"Nous manions à chaque instant des objets qui dans leurs fondements interrogent la nature de l’espace, la nature du temps et l’introduction des probabilités au coeur du réel. Et chacune de ces interrogations est non seulement déroutante mais susceptible d’être interprétée différemment et conduire à des positions philosophiques diamétralement opposées. D’où le fait que les interprétations de la mécanique quantique n’ont jamais cessé, depuis sa construction dans les trente premières années du 20 ème siècle, de provoquer des débats conflictuels entre les physiciens, avec au premier chef, dans les années trente, l’affrontement Einstein-Bohr : au "dieu ne joue pas aux dés" du premier répliquait le "cessez de dire à dieu ce qu’il doit faire" du second. Einstein se refusait à abandonner l’idée d’une réalité objective tandis que Bohr se contentait d’observer que la théorie quantique permet de prévoir le résultat des expériences - et que demander de plus ?"

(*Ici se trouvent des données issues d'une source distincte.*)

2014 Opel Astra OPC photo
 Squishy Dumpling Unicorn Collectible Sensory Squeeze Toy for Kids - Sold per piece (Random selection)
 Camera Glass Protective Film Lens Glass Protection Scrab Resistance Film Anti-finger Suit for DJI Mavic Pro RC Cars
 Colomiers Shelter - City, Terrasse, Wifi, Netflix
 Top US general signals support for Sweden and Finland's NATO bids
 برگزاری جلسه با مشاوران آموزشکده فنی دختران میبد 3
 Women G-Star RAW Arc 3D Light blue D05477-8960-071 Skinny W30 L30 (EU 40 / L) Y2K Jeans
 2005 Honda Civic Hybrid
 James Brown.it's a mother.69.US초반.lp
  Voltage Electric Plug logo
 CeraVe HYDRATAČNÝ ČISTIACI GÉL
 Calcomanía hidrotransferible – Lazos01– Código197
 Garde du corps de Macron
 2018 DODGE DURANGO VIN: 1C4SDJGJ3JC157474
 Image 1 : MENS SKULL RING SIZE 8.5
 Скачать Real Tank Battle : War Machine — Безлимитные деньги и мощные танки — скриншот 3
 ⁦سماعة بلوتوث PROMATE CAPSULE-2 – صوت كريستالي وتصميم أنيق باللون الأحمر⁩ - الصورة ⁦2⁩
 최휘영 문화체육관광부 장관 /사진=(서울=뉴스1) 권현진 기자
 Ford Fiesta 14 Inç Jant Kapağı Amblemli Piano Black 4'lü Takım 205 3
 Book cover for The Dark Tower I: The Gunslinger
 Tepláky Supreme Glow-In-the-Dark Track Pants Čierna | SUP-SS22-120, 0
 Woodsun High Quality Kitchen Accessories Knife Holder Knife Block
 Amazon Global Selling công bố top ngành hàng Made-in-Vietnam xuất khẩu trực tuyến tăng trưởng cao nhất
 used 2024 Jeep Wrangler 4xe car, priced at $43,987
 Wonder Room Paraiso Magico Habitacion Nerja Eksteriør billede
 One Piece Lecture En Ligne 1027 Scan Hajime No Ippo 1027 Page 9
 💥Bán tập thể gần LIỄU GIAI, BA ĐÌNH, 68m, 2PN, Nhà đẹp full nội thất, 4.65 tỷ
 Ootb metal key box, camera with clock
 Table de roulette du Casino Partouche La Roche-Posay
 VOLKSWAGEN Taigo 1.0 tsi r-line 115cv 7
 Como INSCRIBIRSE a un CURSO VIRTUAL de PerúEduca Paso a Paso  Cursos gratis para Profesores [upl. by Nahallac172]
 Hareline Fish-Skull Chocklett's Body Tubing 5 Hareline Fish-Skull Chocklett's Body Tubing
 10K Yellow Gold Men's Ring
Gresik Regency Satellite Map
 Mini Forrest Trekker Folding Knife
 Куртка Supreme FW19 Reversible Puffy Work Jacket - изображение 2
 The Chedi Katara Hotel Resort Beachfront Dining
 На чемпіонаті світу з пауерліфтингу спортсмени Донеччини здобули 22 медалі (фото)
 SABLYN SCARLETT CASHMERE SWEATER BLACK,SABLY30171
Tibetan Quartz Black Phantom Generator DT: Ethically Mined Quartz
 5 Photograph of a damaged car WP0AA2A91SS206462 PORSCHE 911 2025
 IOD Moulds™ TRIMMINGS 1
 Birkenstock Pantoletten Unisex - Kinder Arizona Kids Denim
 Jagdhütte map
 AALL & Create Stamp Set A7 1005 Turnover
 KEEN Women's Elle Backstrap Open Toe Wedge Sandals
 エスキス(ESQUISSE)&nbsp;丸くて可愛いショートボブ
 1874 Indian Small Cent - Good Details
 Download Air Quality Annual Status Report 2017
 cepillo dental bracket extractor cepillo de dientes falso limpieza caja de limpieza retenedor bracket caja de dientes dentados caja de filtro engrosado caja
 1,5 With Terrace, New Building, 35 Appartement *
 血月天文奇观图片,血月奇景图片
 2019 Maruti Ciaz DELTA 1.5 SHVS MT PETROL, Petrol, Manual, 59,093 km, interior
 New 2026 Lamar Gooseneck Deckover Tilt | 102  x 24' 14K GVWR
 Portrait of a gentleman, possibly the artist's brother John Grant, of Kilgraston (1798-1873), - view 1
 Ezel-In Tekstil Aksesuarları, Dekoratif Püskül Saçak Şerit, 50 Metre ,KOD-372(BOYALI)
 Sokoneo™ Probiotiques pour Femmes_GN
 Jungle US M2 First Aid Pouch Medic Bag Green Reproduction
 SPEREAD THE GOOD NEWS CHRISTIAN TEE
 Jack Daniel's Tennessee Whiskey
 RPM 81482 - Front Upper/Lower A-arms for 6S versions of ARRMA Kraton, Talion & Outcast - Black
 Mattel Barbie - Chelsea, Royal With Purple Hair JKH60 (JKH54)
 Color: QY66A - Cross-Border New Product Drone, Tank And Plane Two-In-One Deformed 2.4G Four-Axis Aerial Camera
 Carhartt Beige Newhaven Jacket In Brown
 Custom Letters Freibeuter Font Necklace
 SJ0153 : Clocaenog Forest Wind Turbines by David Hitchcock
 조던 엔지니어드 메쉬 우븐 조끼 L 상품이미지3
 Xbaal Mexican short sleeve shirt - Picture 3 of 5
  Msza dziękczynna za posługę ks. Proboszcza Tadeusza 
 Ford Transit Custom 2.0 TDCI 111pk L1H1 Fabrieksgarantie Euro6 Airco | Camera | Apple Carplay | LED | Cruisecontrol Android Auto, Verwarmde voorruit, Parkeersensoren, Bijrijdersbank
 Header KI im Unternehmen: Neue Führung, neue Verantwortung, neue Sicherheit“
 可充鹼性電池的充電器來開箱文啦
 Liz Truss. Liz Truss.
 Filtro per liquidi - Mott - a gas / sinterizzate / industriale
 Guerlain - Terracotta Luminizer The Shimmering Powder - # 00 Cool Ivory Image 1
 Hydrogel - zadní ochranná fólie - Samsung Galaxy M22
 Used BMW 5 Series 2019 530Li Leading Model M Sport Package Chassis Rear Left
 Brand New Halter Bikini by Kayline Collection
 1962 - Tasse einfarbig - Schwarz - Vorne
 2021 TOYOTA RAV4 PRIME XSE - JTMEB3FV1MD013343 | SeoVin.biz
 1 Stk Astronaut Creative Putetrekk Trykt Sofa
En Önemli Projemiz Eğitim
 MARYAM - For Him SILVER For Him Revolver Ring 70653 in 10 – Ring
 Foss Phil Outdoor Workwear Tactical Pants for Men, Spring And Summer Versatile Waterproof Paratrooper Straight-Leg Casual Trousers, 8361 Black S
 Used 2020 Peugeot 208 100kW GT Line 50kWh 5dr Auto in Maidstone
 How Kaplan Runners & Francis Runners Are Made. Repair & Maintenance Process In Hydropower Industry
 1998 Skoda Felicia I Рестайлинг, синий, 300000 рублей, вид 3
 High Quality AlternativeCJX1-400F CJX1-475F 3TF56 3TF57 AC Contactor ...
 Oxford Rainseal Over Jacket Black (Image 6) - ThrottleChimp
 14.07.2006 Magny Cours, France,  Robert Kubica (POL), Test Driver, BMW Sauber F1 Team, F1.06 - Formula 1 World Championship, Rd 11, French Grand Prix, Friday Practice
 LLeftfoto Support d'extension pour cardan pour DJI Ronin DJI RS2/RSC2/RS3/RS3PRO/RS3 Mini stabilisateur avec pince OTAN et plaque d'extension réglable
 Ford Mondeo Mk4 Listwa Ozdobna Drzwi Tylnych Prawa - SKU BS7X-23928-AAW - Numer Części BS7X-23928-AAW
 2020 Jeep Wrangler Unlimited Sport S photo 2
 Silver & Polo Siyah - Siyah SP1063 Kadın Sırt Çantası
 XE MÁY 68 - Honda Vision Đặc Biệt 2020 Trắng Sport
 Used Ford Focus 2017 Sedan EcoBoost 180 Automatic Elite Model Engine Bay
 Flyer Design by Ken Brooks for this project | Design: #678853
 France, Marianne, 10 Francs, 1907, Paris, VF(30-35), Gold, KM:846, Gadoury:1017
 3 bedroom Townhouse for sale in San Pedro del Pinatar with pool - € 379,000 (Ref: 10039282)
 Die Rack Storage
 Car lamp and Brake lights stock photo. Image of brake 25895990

Sven Ortoli, in Altantico du 28/01/2013
Où l'auteur rappelle la nécessité de distinguer le phénomène (c'est à dire le fait tel qu'il se présente à nos sens, toujours médiatisé donc), l'observation du phénomène, et son interprétation. Parce que nous n'avons jamais accès à la chose en elle-même mais uniquement à son phénomène médiatisé, nous sommes contraints de passer par la spéculation pour trouver la cause des choses ; d'où l'élaboration de modèles ou théories dites scientifiques.
"Cette question des univers multiples a d’importantes résonances. Elle oblige à s’interroger sur ce que nous attendons de la science. Elle montre qu’une physique sans métaphysique n’a finalement aucun sens. Elle tisse des liens avec d’autres champs cognitifs.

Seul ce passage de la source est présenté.